Now that OverlayNG has landed on JTS master, it is getting attention from downstream projects interested in porting it or using it. One of the JTS ports is the Net Topology Suite (NTS) project, and it is very proactive about tracking the JTS codebase. Soon after the OverlayNG commit an NTS developer noticed an issue while running the performance tests in JTS: the InteriorPointInAreaPerfTest was now causing a StackOverflowError. This turned out to be caused by the change to GeometryPrecisionReducer to use OverlayNG with Snap-Rounding to perform robust precision reduction of polygons. Further investigation revealed that failure was occurring while querying the KdTree used in the HotPixelIndex in the SnapRoundingNoder. Moreover, in addition to the outright failure, even when queries did succeed they were taking an excessively long time for large inputs.

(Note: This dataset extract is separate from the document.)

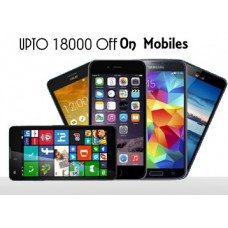 Deals, Discounts & Offers on Mobiles - Father's Day Special - Upto 18,000 OFF on Mobiles + Exchange Offer + Extra 5% OFF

The reason for using a K-D tree as the search structure for HotPixels is that it supports two kinds of queries with a single structure:
- Lookup queries to find the HotPixel for a coordinate. These queries are performed while building the index incrementally. Hence a dynamic data structure like a K-D tree is required, rather than a static index such as STRtree.

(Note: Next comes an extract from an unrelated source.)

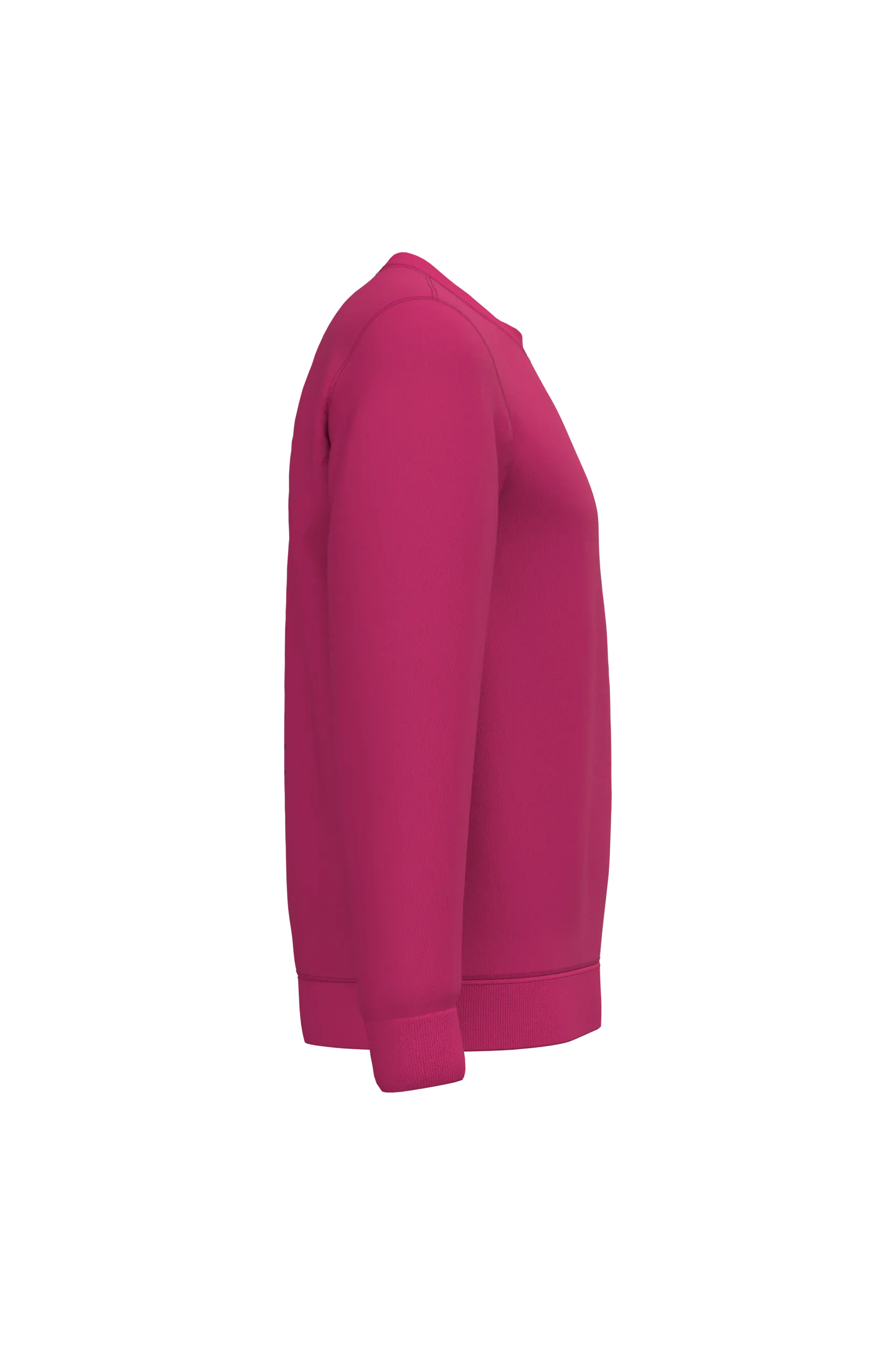 Sudadera cuello redondo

- Range queries to find all HotPixels within a given extent. These queries are run after the index is loaded.
The JTS KdTree supports both of these queries more efficiently than QuadTree, which is the other dynamic index in JTS. However, K-D trees are somewhat notorious for becoming unbalanced if inserted points are coherent (i.e. contain monotonic runs in either ordinate dimension). This is exactly the situation which occurs in large, relatively smooth polygons - which is the test data used in InteriorPointInAreaPerfTest. An unbalanced tree is deeper than it would be if perfectly balanced. In extreme cases this leads to trees of very large depth relative to their size. This slows down query performance and, because the KdTree query implementation uses recursion, can also lead to stack overflow.

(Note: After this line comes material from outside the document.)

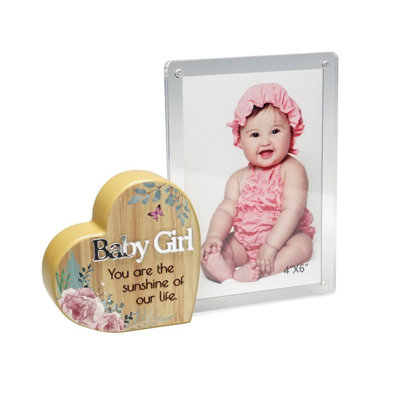 Jayelynn Multi Wood,acrylic,magnet Picture Frame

A perfectly balanced K-D tree, with depth = logN. In the worst case an unbalanced tree has only one node at each level (depth = N).
I considered a few alternatives to overcome this major blocker. One was to use a QuadTree, but as mentioned this would reduce performance. There are schemes to load a K-D tree in a balanced way, but they seemed complex and potentially non-performant.
It's always great when people who file issues are also able to provide code to fix the problem. And happily the NTS developer submitted a pull request with a very nice solution. He observed that while the K-D tree was being built incrementally, in fact the inserted points were all available beforehand. He proposed randomizing them before insertion, using the elegantly simple Fisher-Yates shuffle. This worked extremely well, providing a huge performance boost and eliminated the stack overflow error. Here's the relative performance times:
|Num Pts||Randomized||In Order|
|10K||126 ms||341 ms|
|20K||172 ms||1924 ms|
|50K||417 ms||12.3 s|
|100K||1030 ms||59 s|
|200K||1729 ms||240 s|
Once the solution was merged into JTS, my colleague Paul Ramsey quickly ported it to GEOS, so that PostGIS and all the other downstream clients of GEOS would not encounter this issue.
It's surprising to me that this performance issue hasn't shown up in the other two JTS uses of KdTree: SnappingNoder and ConstrainedDelaunayTriangulator. More investigation required!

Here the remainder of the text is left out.